Climate-smart agriculture (CSA) is an integrated approach to manage landscapes-cropland, livestock, fishery and forestry–that address on one hand the reduction of the environmental and climate impact and on the other hand the development of food production methods, forest management and crops that are well adapted to changing weather condition. CSA aims to simultaneously achieve three outcomes:
- Increased productivity:Produce more food to improve food and nutrition security and boost the incomes of 75 percent of the world’s poor, many of whom rely on agriculture for their livelihoods.
- Enhanced resilience:Reduce vulnerability to drought, pests, disease and other shocks; and improve capacity to adapt and grow in the face of longer-term stresses like shortened seasons and erratic weather patterns.
- Reduced emissions:Pursue lower emissions for each calorie or kilo of food produced, adjust food production in such a way that it does not harm the environment in the long run, restores ecological damage, adapts to variability and mitigates climate change where possible.
The links between agriculture production, forestry management, biodiversity conservation and climate change have been the core focus of CRED under the frame of food systems approach for natural resource management. These sectors must play a major role in global efforts to address both adaptation and mitigation. From the past experience, CRED has introduced new forest practices and tools for adaptation and mitigation of climate change including Forest Stewardship Council (FSC®) Certification Standard, BioTrade principles and REDD scheme to local community and government agencies.
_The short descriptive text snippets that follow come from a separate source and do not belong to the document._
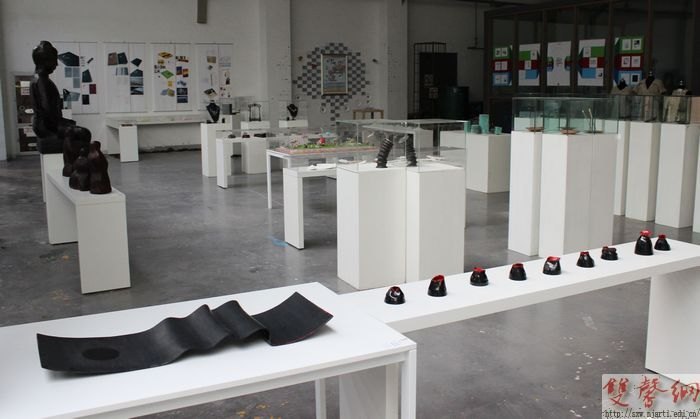 ���ѧԺ�ɹ��ٰ�2013���о�����ҵ��Ʒչ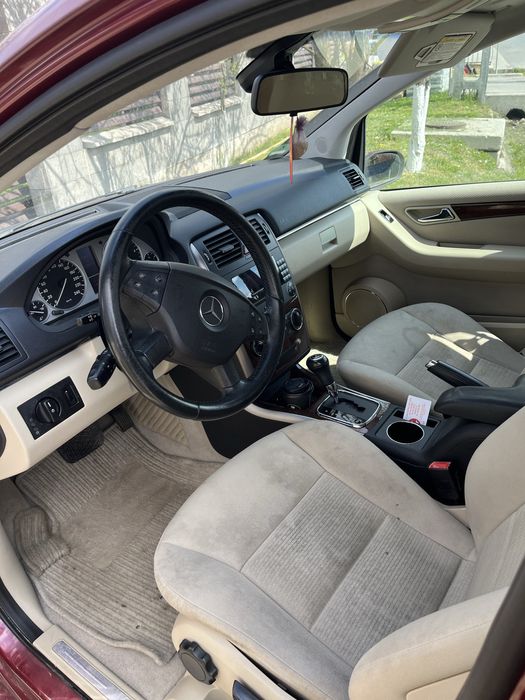 Mercedes Benz B Class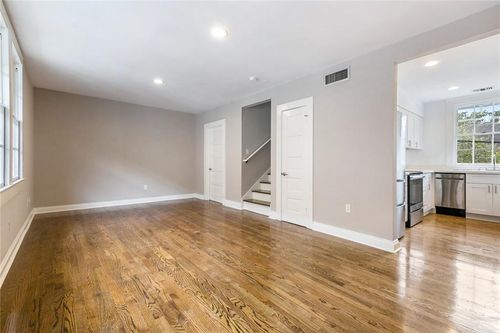 k-920 S Carrollton Ave, New Orleans, LA, 70118-1106 | Card Image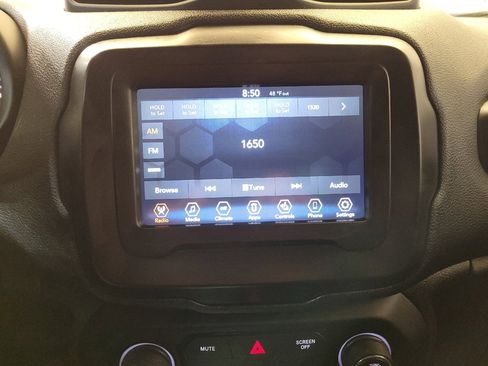 Used 2019 Jeep Renegade Altitude w/ Quick Order Package 22M image 25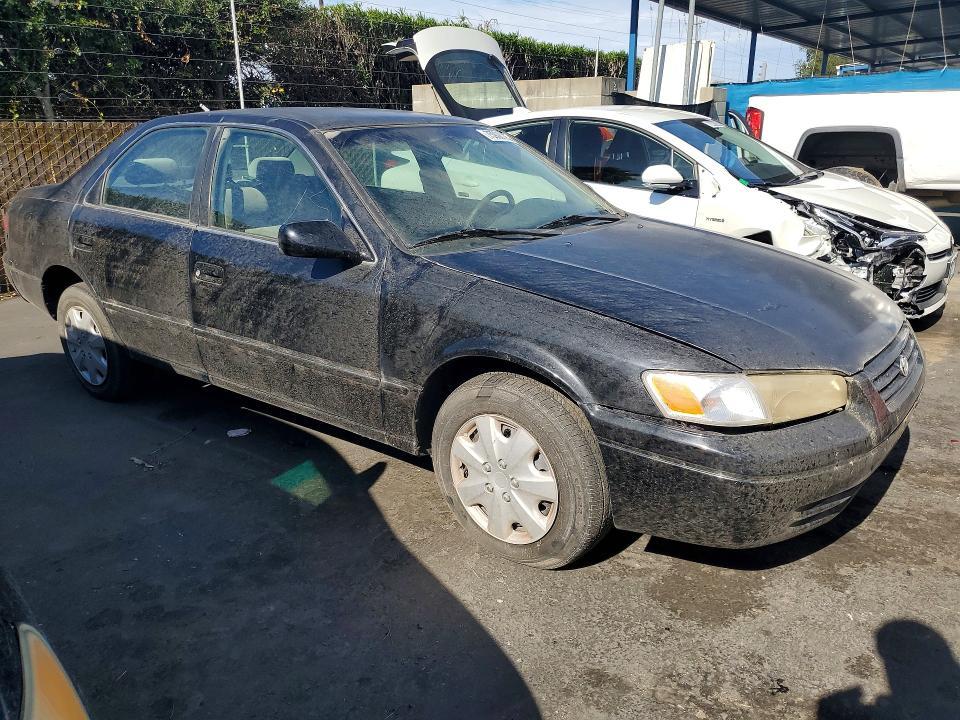 1998 Toyota Camry le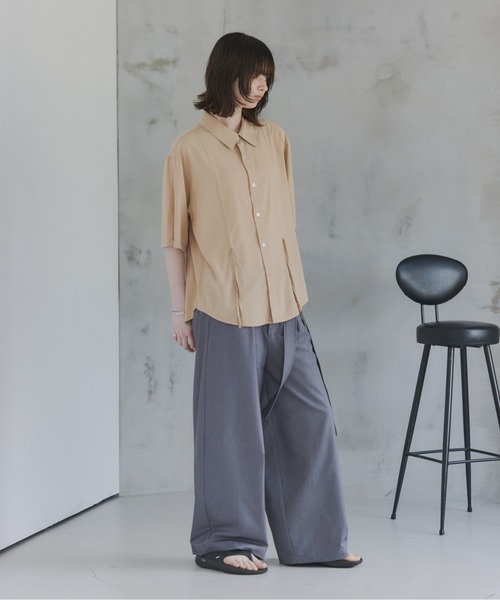 Confirm(コンファーム)の「Gathered Short-Sleeve Shirt / ギャザー入り半袖シャツ メンズ レディース ユニセックス(シャツ/ブラウス・メンズ・ブラック/ブルー/グレー/ベージュ・L/M/S)」の21枚目の写真
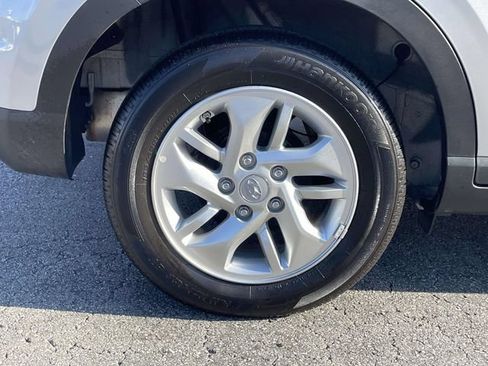 Used 2026 Hyundai Venue SE FWD image 9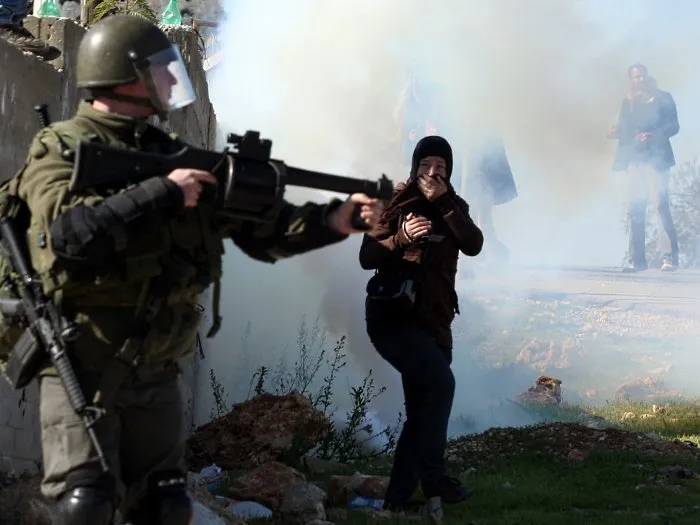  Soldado israelense lança gás lacrimogênio para conter manifestação em Halamish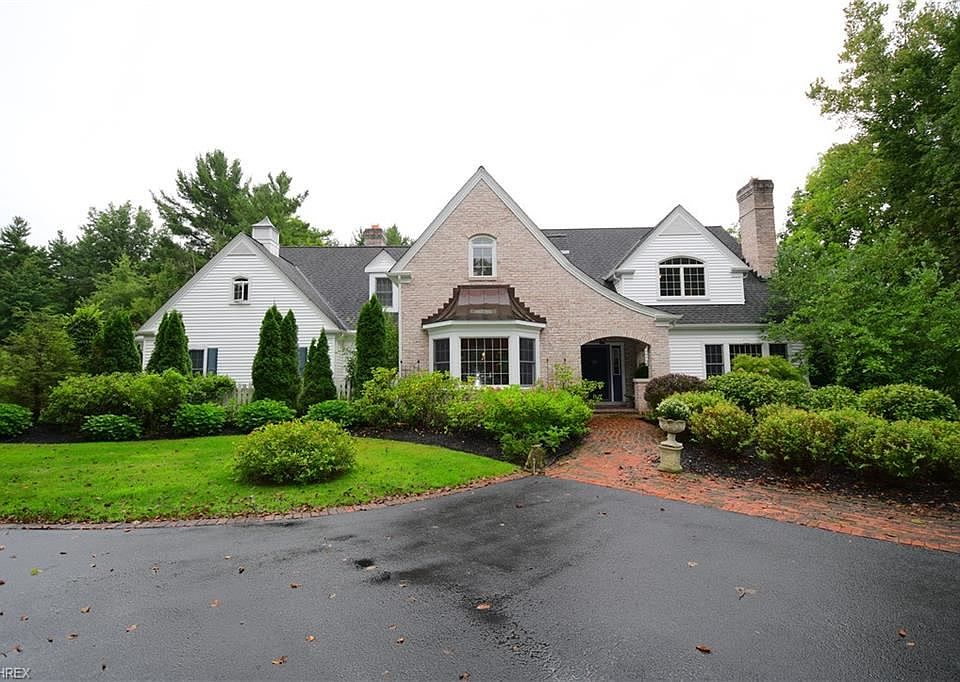 1st image of 32000 Fairmount Blvd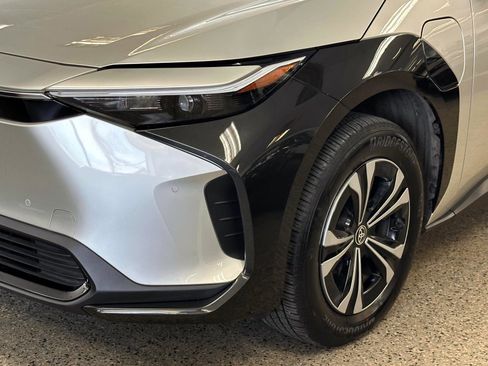 Certified 2025 Toyota bZ4X FWD image 9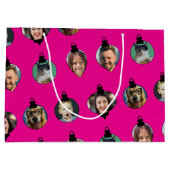 Kerstgrappige familie foto's in roze versieringen groot cadeauzakje (Achterkant)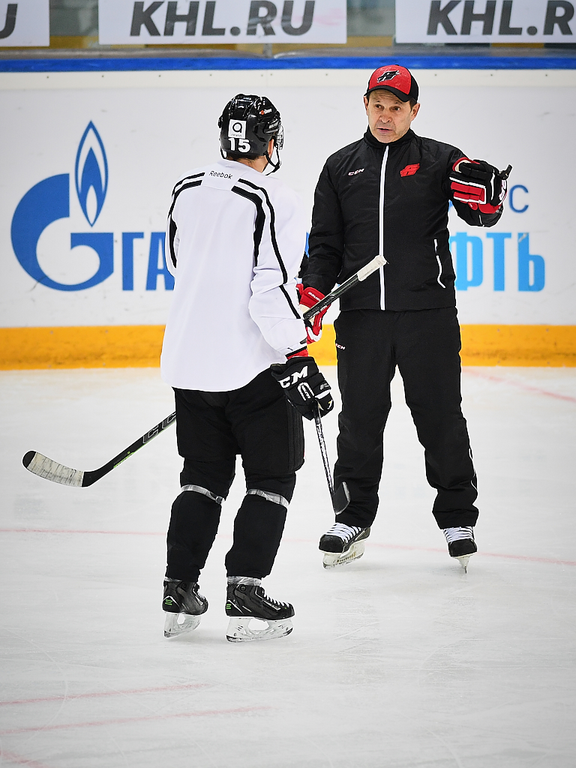Виталий Меньшиков принял участие в раскатке "Авангарда" перед матчем с "Трактором"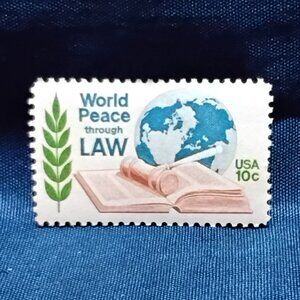 Uncirculated USA 1975 World Peace Through Law 10 Cent Stamp!!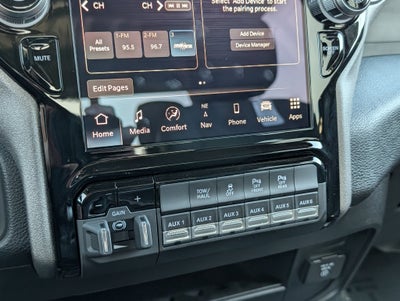 2026 RAM 2500 2500 TRADESMAN CREW CAB 4X4 8' BOX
By addressing challenges at a landscape level, innovative practitioners are able to identify connections between livelihood development, agricultural production, forestry management, biodiversity conservation and the environment protection and harness synergies in a more powerful way for economic development and to encourage land users to adopt practices that meet the government’s and farmers’ needs.
Integrating biodiversity conservation activities into climate-friendly policies, to strengthen sustainable economic development in remote and mountainous areas for indigenous communities through BioTrade promises the dual benefit of carbon sequestration and biodiversity conservation. It can create two significant revenue streams for local communities that commercialize carbon credits and BioTrade products and services. CRED, with support from The European Union (EU), State Secretariat for Economic Affairs (SECO) and Helvetas, had an opportunity to support Vietnam promote the sustainable forest management, biodiversity conservation through sustainable trade of natural ingredients along ethical Biotrade principles.
In specific, CRED focuses on:
- Innovative agricultural practices adopted to climate change, e.g. draught, pro-longed flood, landslide and soil erosions;
- Sustainable/climate-smart cropping practices for the development of high-end market specialties e.g. tea plant, spices, medicinal herbs, essential oil and fruit trees;
- Biodiversity conservation and sustainable management of natural and community and household planted forests;
- Planting and sustainable management and harvesting of NTFPs, medicinal herbs and aromatic plants;
- Consultancy on international standards and certifications including Organic, FairTrade, GACP-Who, FSC;
- Support for agriculture and forestry extension service and training for staff.